In the river valleys
A small number of major river valleys in different parts of the Eastern Hemisphere played a critical role as cradles of civilization where all the “foundational” civilizations emerged. The great civilizations of Mesopotamia, Egypt, the Indus Valley, and China all belonged to this category.
River valleys offer areas of well-watered, fertile soil. With high agricultural productivity, river valleys can support large human populations concentrated in a comparatively small area. But why did they lead to a completely new kind of society, very different from what had gone before? Why didn’t the rise of large populations in river valleys simply result in a multiplication of small-scale farming villages, closely scattered across the plains?
The answer to this question is partially guesswork, since no records have survived from these times.
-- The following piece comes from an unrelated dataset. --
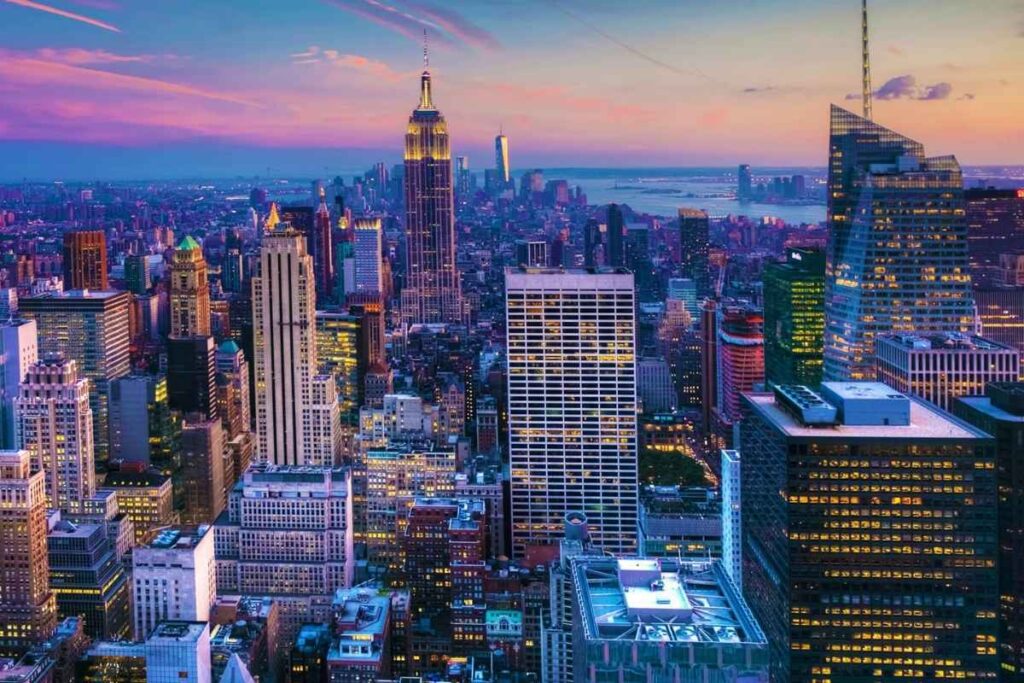 Vista noturna de Manhattan com luzes dos hoteis baratos de Nova York e arranha-céus iluminados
However, modern scholars have developed explanations that are supported by archeological evidence.
Spring floods in dry climates
In the fertile river valleys, large rivers provide plentiful water and huge amounts of fresh, fertile mud. In the spring, the rain and mountain snowmelt cause the rivers to flood large areas of land. The water and mud creates some of the most fertile farmland in the world.
The floodwaters only cover the plains for a few weeks before flowing to the sea. In places such as Mesopotamia, Egypt, and the northwest Indian subcontinent, the rest of the year is hot and dry, so that crops soon die. Early farmers therefore found these areas difficult to settle. Agriculture began to flourish when they started digging pools and constructing dams to keep some of the floodwater from flowing away, and irrigation channels to carry the stored water to their fields. The population grew in the valleys, becoming dense concentrations of people.